Young readers, like all young learners, begin to make sense of literature by asking questions about the text. Very often, young readers of literature will relate the text to similar and familiar stories. Mature readers must be able to thoroughly analyze the development of the central details, characters and events.
There are many resources and activities educators and reading instructors can use to help with reading strategies to develop an appreciation for literature. Examples include:
- Graphic organizers
- Talking to the text
- Anticipation guides
- Double entry journals
- Interactive reading and note taking guides
All teachers must teach students the comprehension skills necessary to help them understand text and be successful, independent readers.
With prompting and support, ask and answer questions about key details in a text.
RL.K.2. With prompting and support, retell familiar stories, including key details.
RL.K.3. With prompting and support, identify characters, settings, and major events in a story.

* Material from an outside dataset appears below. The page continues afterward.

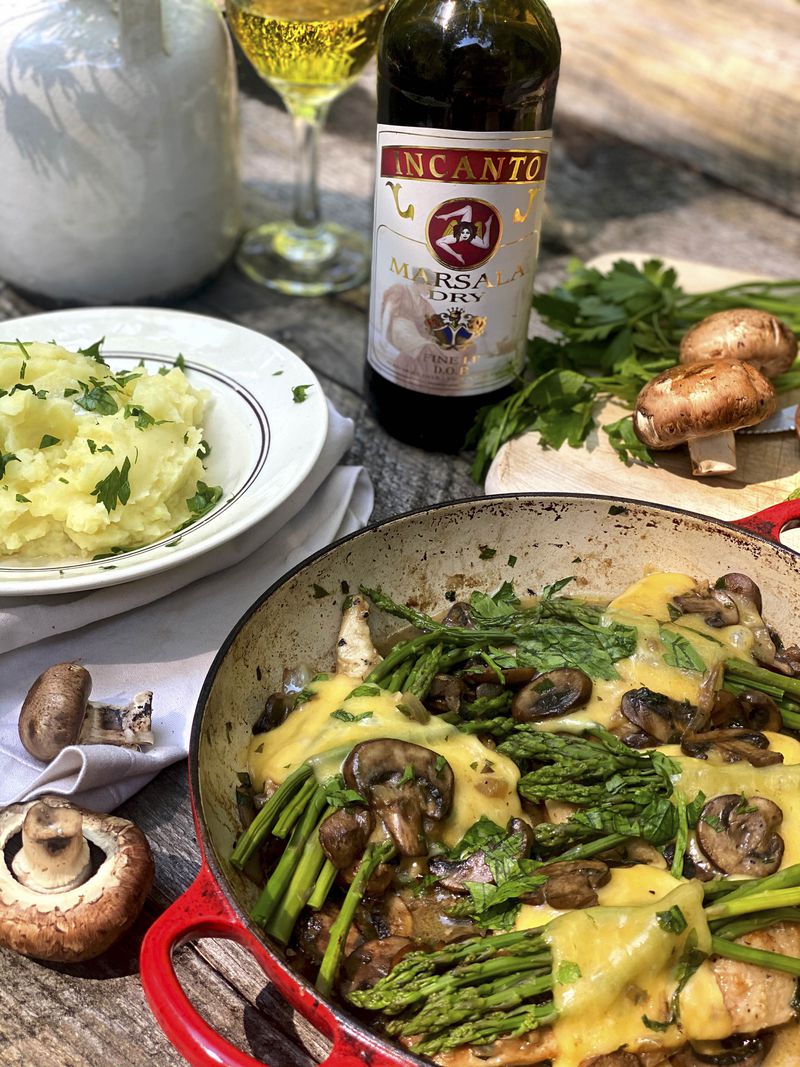 Paulina Brand’s Chicken Marsala with Gouda and Asparagus is an Italian classic with a twist. Courtesy of Paulina Brand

RL.1.1. Ask and answer questions about key details in a text.
RL.1.2. Retell stories, including key details, and demonstrate understanding of their central message or lesson.
RL.1.3. Describe characters, settings, and major events in a story, using key details.

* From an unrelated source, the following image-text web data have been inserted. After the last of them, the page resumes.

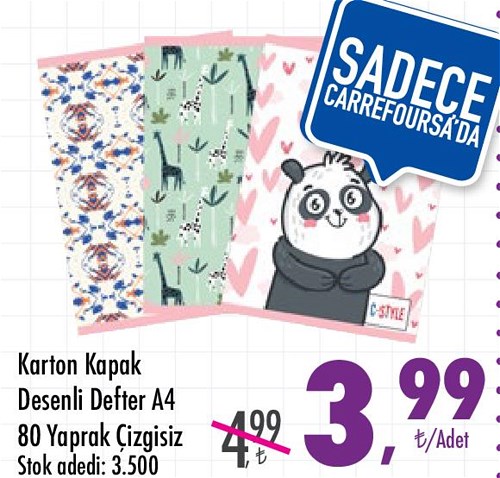 Karton Kapak Desenli Defter A4 80 Yaprak Çizgisiz image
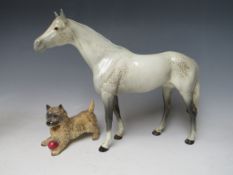 A BESWICK CERAMIC BOIS ROUSSEL RACEHORSE FIGURINE IN DAPPLE GREY, together with a Beswick Cairn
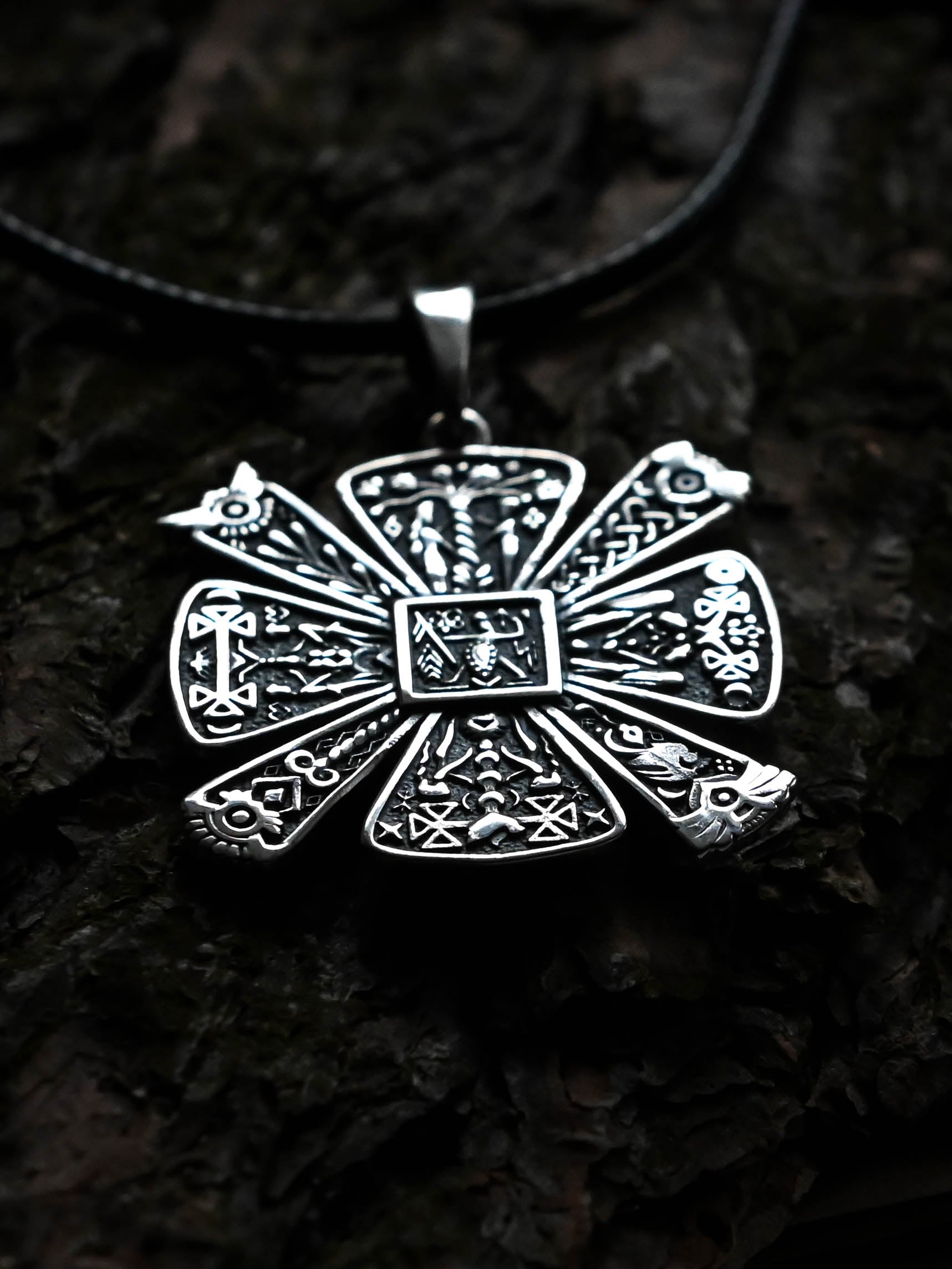 Slavic Kres Amulet in Futhark, Sterling Silver 925 — Slavic & Viking Symbol Pendant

RL.2.1. Ask and answer such questions as who, what, where, when, why, and how to demonstrate understanding of key details in a text.
RL.2.2. Recount stories, including fables and folktales from diverse cultures, and determine their central message, lesson, or moral.

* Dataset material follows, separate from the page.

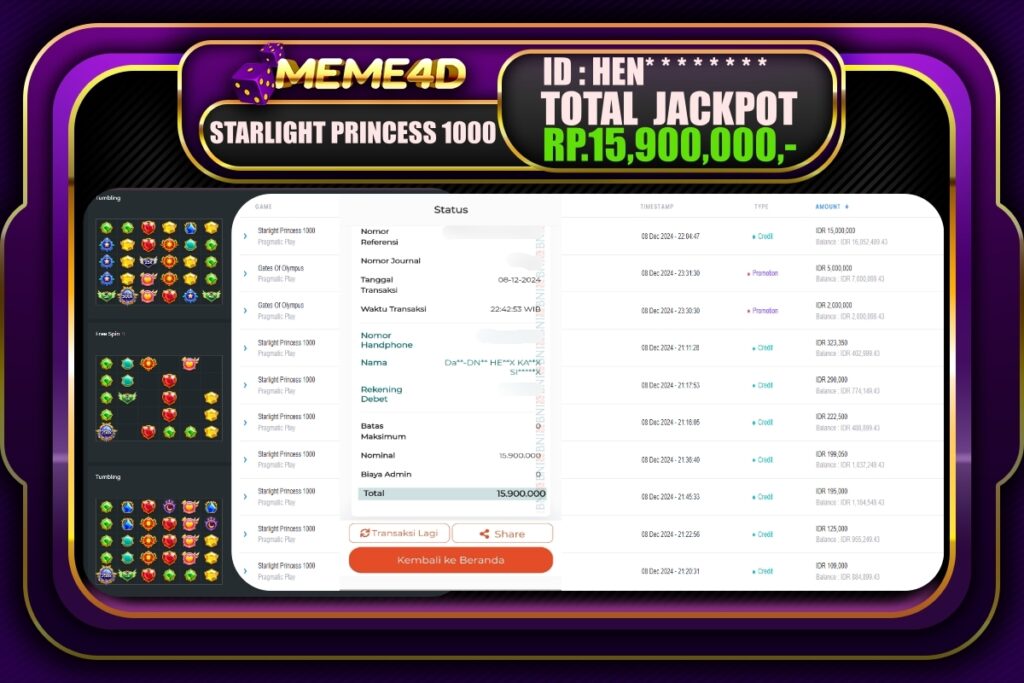 Bukti Jp MEME4D Slot Online 09 DESEMBER 2024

RL.2.3. Describe how characters in a story respond to major events and challenges.
RL. 3. 1: Ask and answer questions to demonstrate understanding of a text, referring explicitly to the text as the basis for the answers.
RL. 3. 2: Recount stories, including fables, folktales, and myths from diverse cultures; determine the central message, lesson, or moral and explain how it is conveyed through key details in the text.
RL. 3. 3: Describe characters in a story (e.g., their traits, motivations, or feelings) and explain how their actions contribute to the sequence of events.
Questions to Focus Instruction
Explicitly teach children how to ask and answer questions, utilizing oral reading and discussion times to practice this skill.
Provide guided practice and feedback for students to locate key information explicitly stated in the text that supports their answers and the larger message of the story.
Use read aloud time to expose children to a variety stories from diverse cultures, including fables, folktales and myths, and to discuss the basic plot features of each type of story.
Discuss descriptive vocabulary the author uses and have students incorporate similar vocabulary into their own retelling of the story. Discussing idioms and other challenging vocabulary ahead of time can keep readers from getting bogged down in superficial or tangential ideas.
In what ways do key ideas and details support the comprehension of a text?
How does the ability to question and locate answers help readers understand and analyze text?
How does understanding plot features of fables, folktales, and myths support comprehension and recounting of these types of text?
What strategies can be used to help students focus on the central message and key details?